Are you eating enough fiber?

March 3, 2023

Fiber is an important nutrient for good health. Our bodies can't use it for energy, but it has many benefits.

Fiber helps keep everything in the digestive system flowing, which helps avoid constipation and anything associated with it like hemorrhoids and diverticulitis. A healthy digestive system also ensures the body is properly absorbing vitamins, minerals, and other essential nutrients. Eating enough fiber may even lower your risk of certain types of cancer, such as colon cancer.

An additional benefit of fiber is the ability to help us feel full longer, which leads to healthy weight maintenance or loss. Fiber also assists in slowing down the breakdown of carbs into sugar which keeps blood sugar levels stable, avoiding diabetes. Fiber can also help lower cholesterol, in turn lowering your risk of heart disease.

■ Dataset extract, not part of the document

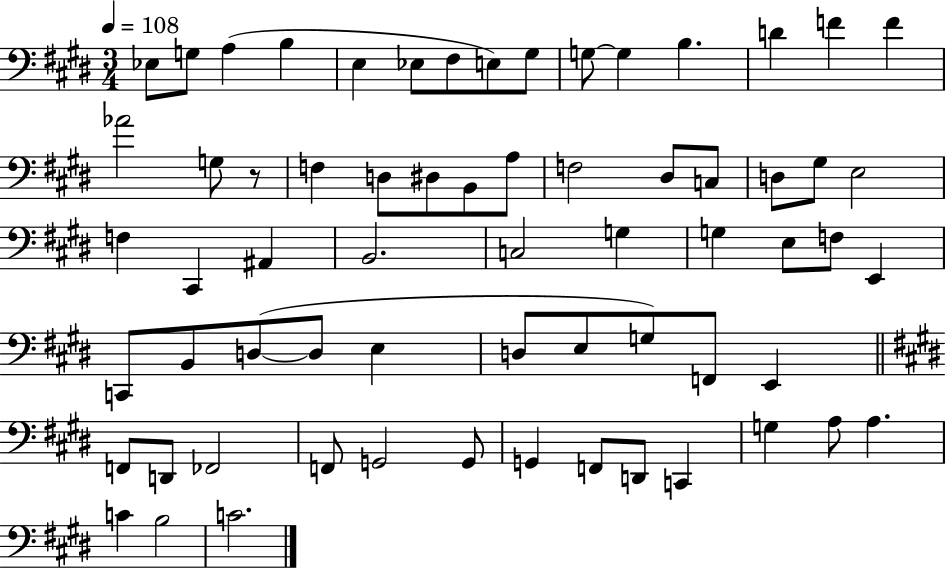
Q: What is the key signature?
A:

Fiber, also known as roughage or bulk, is a type of carbohydrate that can't be broken down by the body's digestive enzymes. You can find fiber in plant-based foods such as: whole-grain breads, cereals, and pasta; beans, lentils, and peas; nuts and seeds; some fruits and vegetables; and even dark chocolate!

Fiber is commonly classified as soluble, which dissolves in water, or insoluble, which doesn't dissolve in water.

Soluble fiber (helps lower cholesterol and blood sugar) can be found in apples, bananas, citrus fruits, oats, carrots, peas, beans, brussel sprouts, avocados, potatoes, and more. Soluble fiber is a type of fiber that dissolves in water to form a gel-like substance in the stomach, slowing down the digestive process.

Insoluble fiber (helps regulate the digestive system) can be found in whole grains, leafy greens, cauliflower, green beans,  nuts, seeds, and the skins of many fruits and vegetables. Helps with constipation – promotes the movement of material through the digestive system.

It's important to consume enough fiber each day to keep proper nutrition. The American Heart Association suggests total dietary fiber intake should be 25 to 30 grams a day from food, not supplements. The CDC estimates that most Americans only get about half the fiber they need each day.